Replace waterboarding for 1950's brainwashing as the underlying metaphor -- then cast Palin, Perry, or Bachmann as the Joe-McCarthy-style demagogue, and the book is current. However well-made, no establishment "60's film dare replicate the brash, authorial boldness, as Louis Menand captures it: Condon was a "a cynic of an upbeat type, not unlike Tom Wolfe: his belief that everything is basically sh*t did not get in the way of his pleasure in making fun of it."
And then last week, another blow to assumptions ours is a semi-rational universe -- the jaw-dropping ascension of Newt Gingrich, that doyen of dishonor, as Joan Walsh quipped, "his baggage has baggage." Fringe voters must truly loathe the plastic, shape-shifting Mittster to raise this clown prince, Pompous Newt, as party messiah. What are they thinking? Oh, not thinking -- tantrum-tossing zealots grasping for straws. Did the revoltingly righteous forget Newt already fell off a cliff this very campaign season, pummeled by staff mutinies? Or misinterpret Paul Krugman's bulls-eye jibe: Gingrich is "a stupid man's idea of what a smart person sounds like"?
Six Deadly Sins on Display
What mixed results: naming Gingrich springboards a vulnerable incumbent, jeopardizes the likely GOP takeover of the Senate, and confirms the GOP talent abyss.

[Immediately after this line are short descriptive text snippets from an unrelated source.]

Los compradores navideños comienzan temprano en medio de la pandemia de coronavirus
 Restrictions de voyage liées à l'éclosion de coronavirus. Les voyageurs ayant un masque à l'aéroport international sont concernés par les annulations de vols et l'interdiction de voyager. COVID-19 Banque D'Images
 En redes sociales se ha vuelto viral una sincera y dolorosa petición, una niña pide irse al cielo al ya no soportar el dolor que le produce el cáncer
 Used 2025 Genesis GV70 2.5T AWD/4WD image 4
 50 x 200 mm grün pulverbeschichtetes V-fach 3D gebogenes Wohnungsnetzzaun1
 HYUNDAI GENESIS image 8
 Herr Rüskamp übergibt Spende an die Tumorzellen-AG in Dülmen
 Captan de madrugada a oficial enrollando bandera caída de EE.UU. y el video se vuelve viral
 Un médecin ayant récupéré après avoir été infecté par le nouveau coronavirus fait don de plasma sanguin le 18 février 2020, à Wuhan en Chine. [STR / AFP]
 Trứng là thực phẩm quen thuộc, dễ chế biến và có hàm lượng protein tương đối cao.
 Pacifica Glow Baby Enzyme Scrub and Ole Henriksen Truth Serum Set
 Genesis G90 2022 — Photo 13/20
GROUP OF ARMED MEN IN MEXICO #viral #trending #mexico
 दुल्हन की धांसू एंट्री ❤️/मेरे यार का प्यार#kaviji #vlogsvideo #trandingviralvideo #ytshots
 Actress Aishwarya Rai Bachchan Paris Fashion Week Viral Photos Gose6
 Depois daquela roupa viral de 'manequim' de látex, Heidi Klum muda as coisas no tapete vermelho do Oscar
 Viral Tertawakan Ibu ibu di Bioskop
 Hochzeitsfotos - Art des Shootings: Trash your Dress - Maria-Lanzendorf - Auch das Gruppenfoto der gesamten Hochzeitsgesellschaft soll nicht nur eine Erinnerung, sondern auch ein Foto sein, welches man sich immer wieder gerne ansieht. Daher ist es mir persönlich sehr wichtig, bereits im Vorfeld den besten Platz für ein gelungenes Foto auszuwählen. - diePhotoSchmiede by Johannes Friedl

His years of contradictions, inanities, and flip-flops aside, Newt is a virtual parade of the Seven Deadly Sins: his vainglory spawning gluttony, wrath, envy, sloth, and lust. Only celebrated megalomania blunts despair. Bad historian, wife-abuser, third-rate novelist, wealthy, hypocritical lobbyist, and twice-censured, overweening House Speaker-Beltway insider, Gingrich makes Romney seem bright-eyed and bushy tailed.
Reeling, I then stumble on two mild-mannered political scientists whose new book shreds any residual feel-good liberalthink, revealingly titled: "The Dictator's Handbook: Why Bad Behavior Is Almost Always Good Politics." Say it ain't so, but NYU authors Bruce Bueno de Mesquita and Alastair Smith urge, as neutral bystanders, that Obama's re-election demands acting "a bit more like the tyrants he's so proud of toppling."
What, even more?
The logic of politics -- in both democracies and dictatorships -- is not nearly as complex as many think. Forget the intricacies of individual states, grand strategy, and the national interest. And for now, let's forget about right and wrong. Indeed, the real, universal lessons of political life can be gleaned from how leaders survive and thrive when in power.
And they package chilling real-politick with simple rules, self-evident and hard to refute:
Don't be fooled: Democrats and dictators alike do what best secures their hold on power. Although their methods may differ, just five rules shape how they govern. These rules identify the incentives driving survival-oriented leaders, whether of the Qaddafi or Obama variety.
Rule 1: Keep the winning coalition as small as possible.
Rule 2: Keep the selectorate [pool of supporters] as large as possible.
Rule 3: Control the flow of revenue.